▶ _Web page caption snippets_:
******

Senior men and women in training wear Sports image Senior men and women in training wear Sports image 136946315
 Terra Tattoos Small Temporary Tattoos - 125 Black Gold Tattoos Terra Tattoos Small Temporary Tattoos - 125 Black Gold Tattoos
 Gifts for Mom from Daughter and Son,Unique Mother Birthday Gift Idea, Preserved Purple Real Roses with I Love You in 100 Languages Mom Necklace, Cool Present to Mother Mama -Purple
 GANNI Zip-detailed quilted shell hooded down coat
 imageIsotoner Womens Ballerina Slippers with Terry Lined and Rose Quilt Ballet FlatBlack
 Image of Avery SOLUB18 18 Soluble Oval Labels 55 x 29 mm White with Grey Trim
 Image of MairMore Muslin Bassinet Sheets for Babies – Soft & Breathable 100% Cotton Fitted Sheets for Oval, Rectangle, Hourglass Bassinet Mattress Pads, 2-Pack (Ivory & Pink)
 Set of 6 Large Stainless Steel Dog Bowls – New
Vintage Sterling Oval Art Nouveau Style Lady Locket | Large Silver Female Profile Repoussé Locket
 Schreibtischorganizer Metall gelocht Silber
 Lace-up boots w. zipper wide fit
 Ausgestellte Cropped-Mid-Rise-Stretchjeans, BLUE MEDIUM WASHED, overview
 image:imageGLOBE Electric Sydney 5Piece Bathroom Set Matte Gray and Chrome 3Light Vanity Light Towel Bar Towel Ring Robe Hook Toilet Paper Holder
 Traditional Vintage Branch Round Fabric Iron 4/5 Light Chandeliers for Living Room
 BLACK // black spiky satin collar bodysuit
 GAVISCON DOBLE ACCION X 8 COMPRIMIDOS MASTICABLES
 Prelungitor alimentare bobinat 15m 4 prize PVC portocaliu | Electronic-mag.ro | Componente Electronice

******

▶ _Your task_: All of the entries above need to be printed again exactly.

▶ _Solution to the problem_:
Senior men and women in training wear Sports image Senior men and women in training wear Sports image 136946315
 Terra Tattoos Small Temporary Tattoos - 125 Black Gold Tattoos Terra Tattoos Small Temporary Tattoos - 125 Black Gold Tattoos
 Gifts for Mom from Daughter and Son,Unique Mother Birthday Gift Idea, Preserved Purple Real Roses with I Love You in 100 Languages Mom Necklace, Cool Present to Mother Mama -Purple
 GANNI Zip-detailed quilted shell hooded down coat
 imageIsotoner Womens Ballerina Slippers with Terry Lined and Rose Quilt Ballet FlatBlack
 Image of Avery SOLUB18 18 Soluble Oval Labels 55 x 29 mm White with Grey Trim
 Image of MairMore Muslin Bassinet Sheets for Babies – Soft & Breathable 100% Cotton Fitted Sheets for Oval, Rectangle, Hourglass Bassinet Mattress Pads, 2-Pack (Ivory & Pink)
 Set of 6 Large Stainless Steel Dog Bowls – New
Vintage Sterling Oval Art Nouveau Style Lady Locket | Large Silver Female Profile Repoussé Locket
 Schreibtischorganizer Metall gelocht Silber
 Lace-up boots w. zipper wide fit
 Ausgestellte Cropped-Mid-Rise-Stretchjeans, BLUE MEDIUM WASHED, overview
 image:imageGLOBE Electric Sydney 5Piece Bathroom Set Matte Gray and Chrome 3Light Vanity Light Towel Bar Towel Ring Robe Hook Toilet Paper Holder
 Traditional Vintage Branch Round Fabric Iron 4/5 Light Chandeliers for Living Room
 BLACK // black spiky satin collar bodysuit
 GAVISCON DOBLE ACCION X 8 COMPRIMIDOS MASTICABLES
 Prelungitor alimentare bobinat 15m 4 prize PVC portocaliu | Electronic-mag.ro | Componente Electronice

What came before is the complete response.